Todos tenemos heridas de guerra.

Cada mañana abro los ojos entre dos luces. Esta última expresión la escuché cuando era pequeño y describe ese único momento del alba cuando aun sobre el cielo brilla un lucero y en el horizonte más al este comienza a lucir el sol. Es un instante increíble. Donde la noche y el día coinciden. Entonces dentro de mí se inicia un proceso donde el alma poco a poco se va tornando actual. Donde el cuerpo comienza a enviarme señales de que sigo vivo. Me despierto definitivamente. Y lo hago sin que suene el reloj. Sin el sonido de un gallo.
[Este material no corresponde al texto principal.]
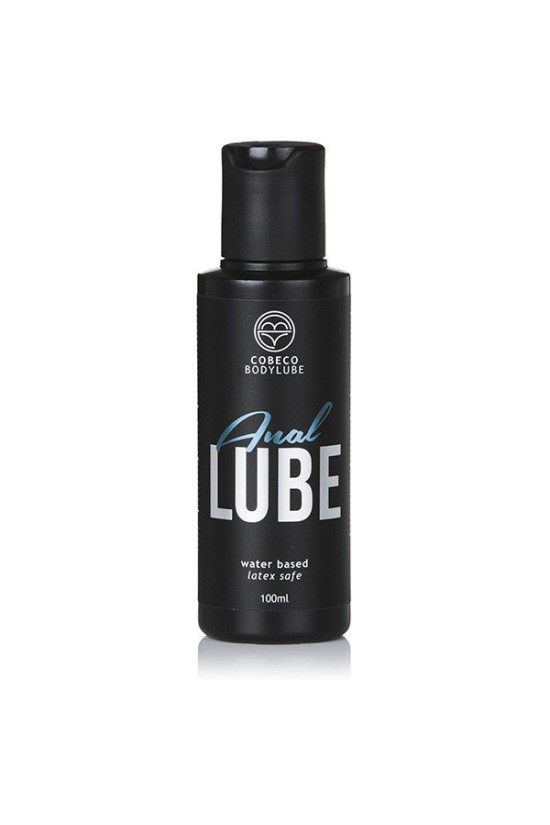 COBECO - LUBRIFICANTE ANALE 100 ML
Y es que en Zaragoza no hay gallos que canten. 
La calle donde habito está silenciosa. Aquietada. Pero no puedo dormir más. Mi consejero espiritual dice que esta bien dormir ocho horas. Que está bien tomar una tisana antes de ponerte el pijama. Que es lo que tiene irse a la cama a las diez de la noche. Y si, he de confesar, que cuando mis amigos más cercanos se preparan la cena y se disponen a ver alguna tertulias políticas, yo me apresto a descansar.
Cuando la noche llega sin paliativos, porque siempre llega. Y nada podemos hacer. Y se instala en mi casa como un perfume ya no puedo hacer más por mí ni por Basil I, ni por Lihaón . Y es que a penas logro moverme cuando todo es oscuro en el cielo. 
Y cuando esto ocurre, sólo entonces me doy cuenta que me meto en la cama lleno de fangos, de laceraciones, de magulladuras y heridas mal curadas. He depositado la espada sobre la mesilla de noche. Y coloco la cabeza sobre la almohada. Y miro al techo blanquecino. Y hago una oración silente con los ojos cerrados y las manos juntas. Para que nadie me escuche. Para que nadie me vea.
Una especie de plegaria para que el siguiente día no sea como un campo de batalla. Para que no haya otra guerra.